United States District Court, W.D. Kentucky, Louisville
May 27, 2005
Civil Action No. 3:04CV-473-H (W.D. Ky. May. 27, 2005)

Opinion

Civil Action No. 3:04CV-473-H.

May 27, 2005


MEMORANDUM OPINION


Straight-Out Promotions, LLC, a Kentucky limited liability company engaged in the business of boxing promotion, seeks damages for breach of contract and unjust enrichment from Brearly (International) Limited, a foreign media broadcast distributor. This dispute arises out of a July 30, 2004 fight card featuring a "main event" bout between a former heavy weight champion, Mike Tyson, and Danny Williams, a heavy weight boxer from England, which took place at Freedom Hall in Louisville, Kentucky (the "Tyson fight").
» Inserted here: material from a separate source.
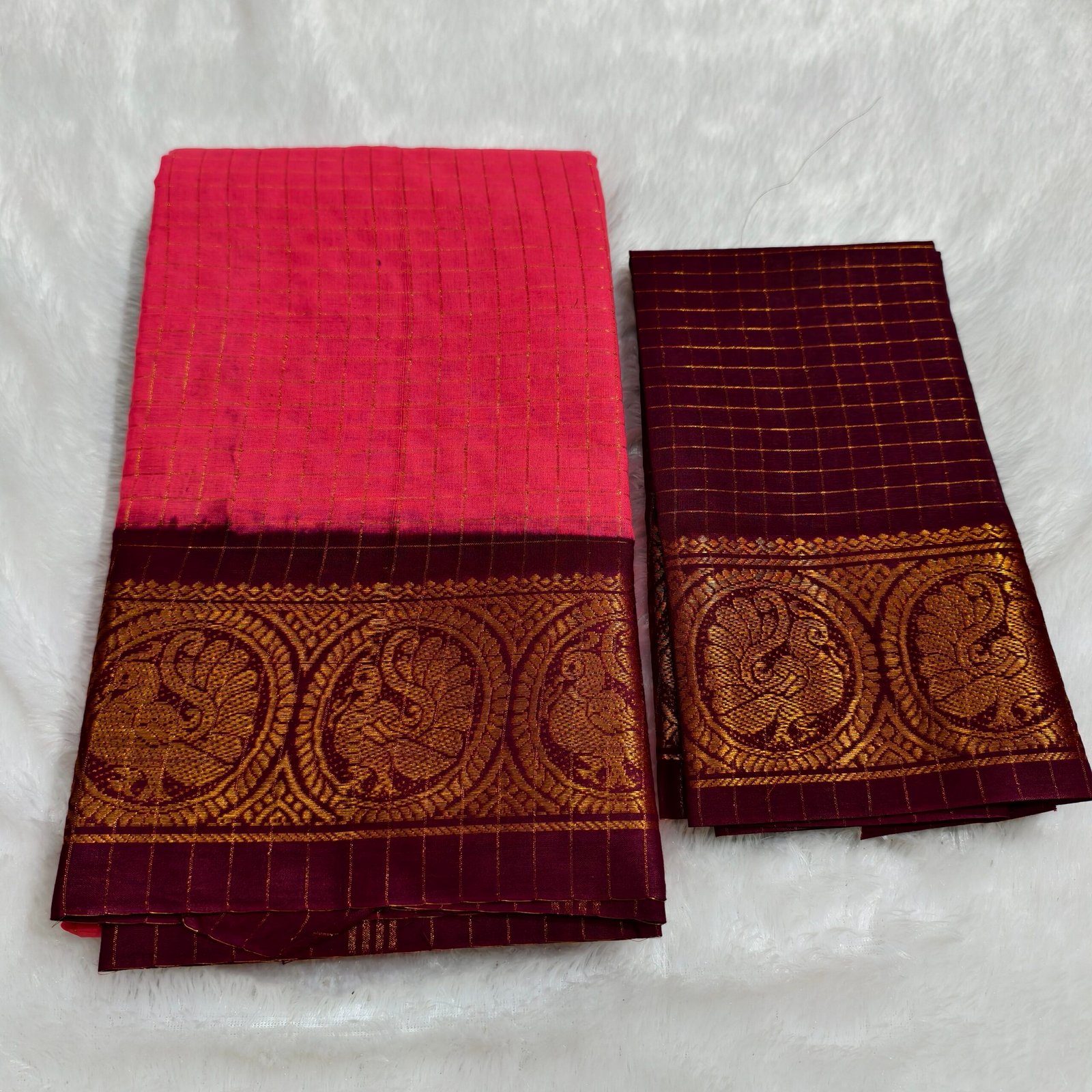 A premium soft cotton handloom Sungudi saree featuring gold zari kattam checks and a matching blouse—elegant, lightweight, and traditionally crafted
Based upon the assertion that the parties agreed upon Gibraltar as the proper forum for any litigation, Brearly has moved to dismiss for improper venue pursuant to Fed.R.Civ.P. 12(b)(3). Plaintiff and Defendant have submitted supplemental memoranda in support of their respective positions, and the Court had the benefit of excellent oral argument on this motion.
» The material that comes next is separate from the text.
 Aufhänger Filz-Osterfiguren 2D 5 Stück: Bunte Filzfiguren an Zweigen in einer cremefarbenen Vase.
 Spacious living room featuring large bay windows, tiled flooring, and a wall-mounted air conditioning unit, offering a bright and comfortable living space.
This litigation involves one part of the business surrounding the Tyson fight, specifically the contract for the fight's international broadcast rights. Straight-Out says that it granted Brearly rights to broadcast the fight card internationally through various media networks in all but those markets where the domestic distributor, Showtime Networks, broadcast the fight. Brearly's present motion presents the question of whether a United States court is the proper forum to resolve those claims. Brearly says that a forum selection clause requires a Gibraltar forum and that the Court should enforce the clause by dismissing this case. Straight-Out responds that it seeks to enforce a contract in this litigation based on the course of dealings between the parties as well as Brearly's June 14 emails as they are modified by Brearly's letter of June 24, 2004 and the executed Assignment of July 26, 2004, none of which contain the forum selection clause in question. To evaluate this motion, the Court must determine whether the parties actually agreed upon a forum selection clause that governs the claims Straight-Out makes against Brearly.
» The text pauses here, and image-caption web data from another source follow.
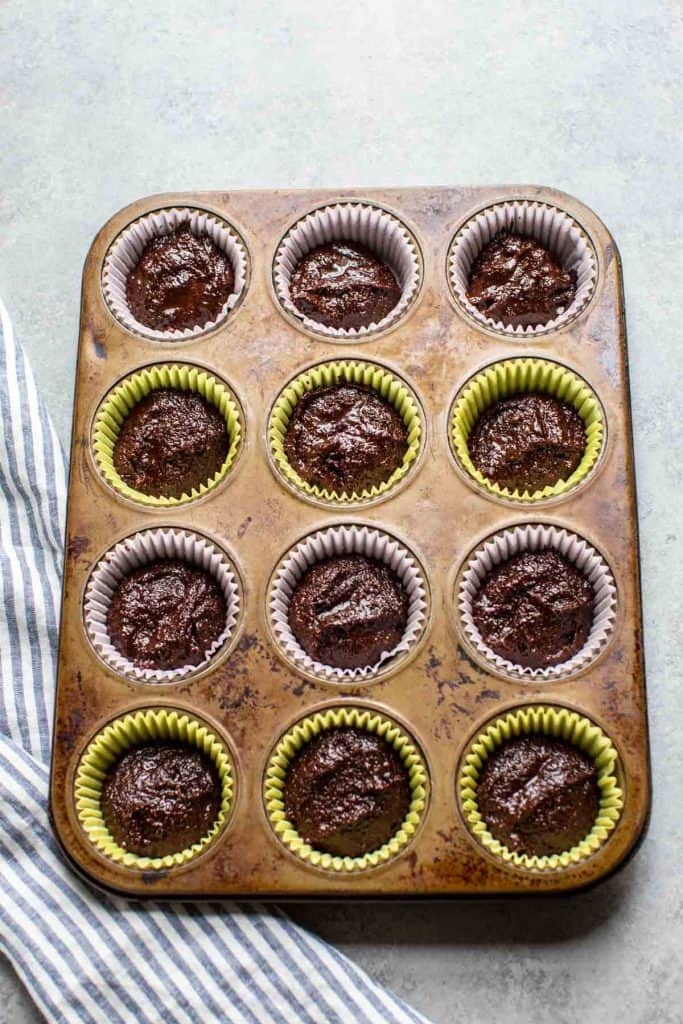 cupcake batter uncooked in muffin tins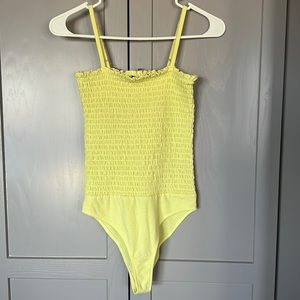 Yellow bodysuit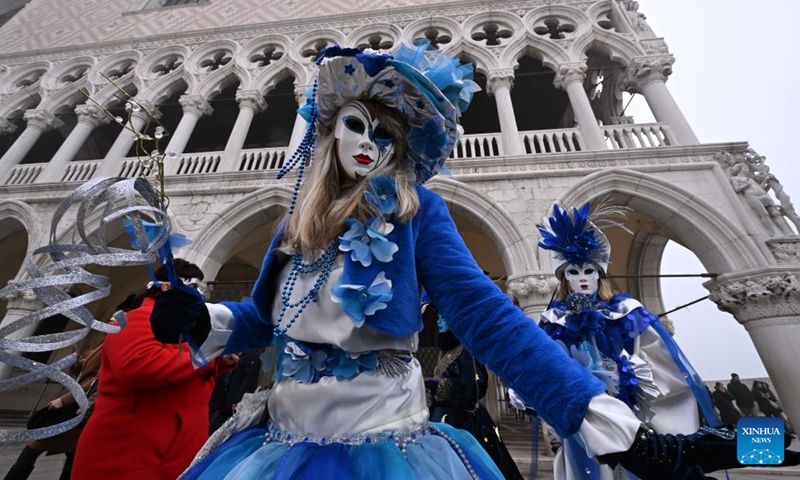 Masked people pose for photos during the carnival in Venice, Italy, Jan. 27, 2024. (Photo by Alberto Lingria/Xinhua)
Brearly's June 14, 2004 emails are appended to Plaintiff's Complaint as Exhibit D; Brearly's Letter of June 24, 2004 is appended to Plaintiff's Complaint as Exhibit A; the July 26, 2004 Assignment in favor of Showtime Networks signed by both Brearly and Straight-Out is appended to Plaintiff's Complaint as Exhibit E.

I.

The most difficult problem facing the Court is to make some sense of the negotiations, understandings or writings that these parties exchanged concerning the Tyson fight.

During June and July of 2004, Straight-Out and Brearly continually negotiated the terms of a contract. In the course of negotiations there were three written distribution agreements passed back and forth. On June 14, 2004, Brearly emailed Straight-Out concerning the basis of an agreement. That email did not include a forum selection clause. On June 24 Brearly sent a letter of modification to Straight-Out. An unsigned written Distribution Agreement dated June 25, 2004, includes a forum selection clause which provides:

The written Distribution Agreement of June 25, 2004 is appended to Defendant's Request for Oral Argument as Exhibit A; The written Distribution Agreement of July 5, 2004 is appended to Plaintiff's Complaint as Exhibit B; The written Distribution Agreement of July 23, 2004 is appended to Defendant's Request for Oral Argument as Exhibit C.

13.2 This Agreement, its interpretation performance or any breach thereof shall be construed in accordance with the laws of Gibraltar and the jurisdiction of the Gibraltar courts.

Neither party executed this draft.

The same provision was included in a July 5 Distribution Agreement which Straight-Out signed on July 16, 2004, and purportedly returned to Brearly for signature. Brearly never signed that draft and denied having received an executed copy of it. In a July 19 e-mail, Straight-Out objected to, among other things, the provision designating Gibraltar as the forum to litigate disputes over the Agreement. Counsel for Brearly responded that "[m]y initial thought is that the jurisdiction will need to remain in Gibralter for the banks purposes. . . ." Finally, a July 23 Draft Distribution Agreement was tendered containing the following provisions:

13.2 This Agreement, its interpretation performance or any breach thereof shall be construed in accordance with the laws of Gibraltar and the jurisdiction of the Gibraltar courts.

And,

15 Jurisdiction

This Agreement is to be interpreted in accordance with the Laws of Gibraltar and the Parties submit to the exclusive jurisdiction of the Gibraltar courts.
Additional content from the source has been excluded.